In recent years, the evolution of AI has shown no signs of slowing down. Supporting this AI revolution are specialized "AI chips" designed specifically for AI computations. Lately, a growing number of startups developing new AI chips have adopted an architecture called "CGRA."
However, an architecture that solves the major challenges of CGRA and takes things a step further—"CGLA"—remains largely unknown.
This article will explain the difference between CGRA and CGLA for beginners in the semiconductor field, and introduce the advantages and features that give CGLA the potential to dominate the AI era.
What is a CGRA?
Let's start with the basics. What is a CGRA?
In a nutshell, a CGRA (Coarse-Grained Reconfigurable Array) is like a "computer made of LEGO blocks that can be reshaped to fit the program."
If a general-purpose CPU is a "universal factory that can handle any calculation," then a CGRA is like a "specialized factory whose production lines (computing circuits) can be freely reconfigured to make a specific product (perform a specific computation)."
By arranging numerous small processing units and changing their connections according to the program, a CGRA can execute specific tasks like AI image recognition or data analysis overwhelmingly faster and with less power than a CPU.
This is why many AI chip startups are focusing on CGRA. However, this "reconfiguring the production line" process has a major weakness.
The "Major Weakness" of CGRA
The weakness of CGRA is its "compilation time."
Compilation is the process of converting a program written by a human into a blueprint that the hardware can understand. For a CGRA, this is equivalent to figuring out the optimal layout of the production line to achieve maximum efficiency.
Finding the best placement and connection scheme for countless units is like solving an incredibly complex puzzle. As a result, it's not uncommon for CGRA compilation to take several hours, sometimes even more than a full day.
This means that every time you want to try a new AI model or make a small change to a program, it becomes a day-long affair. This is a critical flaw in today's world, where development speed is everything.
Enter the Savior: CGLA
This is where CGLA (Coarse-Grained Linear Array) comes in. As its name suggests, it's an architecture where processing units are connected in a linear—or ring-like—fashion, packed with innovative ideas that solve CGRA's challenges. The "IMAX" from NAIST, mentioned frequently in our chat, is a prime example of a CGLA.
CGLA's Advantage #1: Compilation Time in "Seconds"
Why is CGLA so fast to compile? The secret lies in its namesake "linear (ring-like)" structure.
- CGRA: Units are arranged in a complex 2D grid, making it very difficult to find the optimal routes.

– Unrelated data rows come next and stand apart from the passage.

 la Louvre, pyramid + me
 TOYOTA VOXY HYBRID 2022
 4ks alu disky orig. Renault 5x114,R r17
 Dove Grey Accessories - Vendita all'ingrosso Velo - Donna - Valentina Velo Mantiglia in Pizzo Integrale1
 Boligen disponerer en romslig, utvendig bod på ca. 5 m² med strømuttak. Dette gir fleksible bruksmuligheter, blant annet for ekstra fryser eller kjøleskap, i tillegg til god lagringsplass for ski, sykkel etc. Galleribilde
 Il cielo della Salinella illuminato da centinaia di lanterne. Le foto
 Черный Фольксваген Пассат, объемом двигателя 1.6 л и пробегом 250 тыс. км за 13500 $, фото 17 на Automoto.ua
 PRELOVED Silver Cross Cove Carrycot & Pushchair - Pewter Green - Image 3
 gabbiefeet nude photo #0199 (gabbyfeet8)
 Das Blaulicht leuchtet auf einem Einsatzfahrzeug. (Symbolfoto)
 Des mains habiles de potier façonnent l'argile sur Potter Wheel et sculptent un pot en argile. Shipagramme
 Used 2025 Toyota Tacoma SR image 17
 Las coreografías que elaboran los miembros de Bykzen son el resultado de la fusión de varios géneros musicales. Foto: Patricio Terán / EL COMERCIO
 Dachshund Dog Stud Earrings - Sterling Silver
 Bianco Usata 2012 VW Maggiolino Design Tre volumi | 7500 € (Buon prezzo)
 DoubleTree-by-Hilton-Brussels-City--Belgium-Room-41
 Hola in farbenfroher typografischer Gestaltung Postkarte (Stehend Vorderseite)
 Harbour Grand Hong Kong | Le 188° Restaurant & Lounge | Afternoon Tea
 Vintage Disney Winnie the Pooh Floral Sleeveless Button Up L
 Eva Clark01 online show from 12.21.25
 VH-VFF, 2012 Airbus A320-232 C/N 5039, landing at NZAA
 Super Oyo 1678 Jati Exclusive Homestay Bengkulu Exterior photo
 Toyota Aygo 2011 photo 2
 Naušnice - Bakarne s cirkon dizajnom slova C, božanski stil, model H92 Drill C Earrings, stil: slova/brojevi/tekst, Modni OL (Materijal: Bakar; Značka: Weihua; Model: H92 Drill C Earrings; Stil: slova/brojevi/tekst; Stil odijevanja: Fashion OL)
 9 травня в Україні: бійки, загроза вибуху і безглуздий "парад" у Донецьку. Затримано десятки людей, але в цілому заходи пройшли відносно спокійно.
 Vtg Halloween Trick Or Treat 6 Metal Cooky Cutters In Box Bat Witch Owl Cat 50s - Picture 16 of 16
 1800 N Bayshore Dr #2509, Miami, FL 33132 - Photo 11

- CGLA: Units are connected in a simple ring (linear) structure, which eliminates the need for the compiler to search for complex routes, making the program "mapping" process extremely easy.
This dramatically reduces compilation time from hours to just a few seconds. For developers, this is a revolutionary change.
CGLA's Advantage #2: The Pipeline "Never" Stalls
The biggest drain on a computer's performance is the "pipeline stall," which occurs when the process has to wait for data.
The CGLA (like IMAX) uses the dataflow principle and multithreading technology within its units to eliminate stalls by design.
This is like a factory production line where parts always arrive at the worker's station at the exact moment they are needed. Because the hardware continues to operate without any waste, it maintains extremely high computational efficiency.
CGLA's Advantage #3: Thoroughly Energy-Efficient Design
Moving data is a major source of power consumption. The CGLA (like IMAX) places a large cache memory right next to each processing unit.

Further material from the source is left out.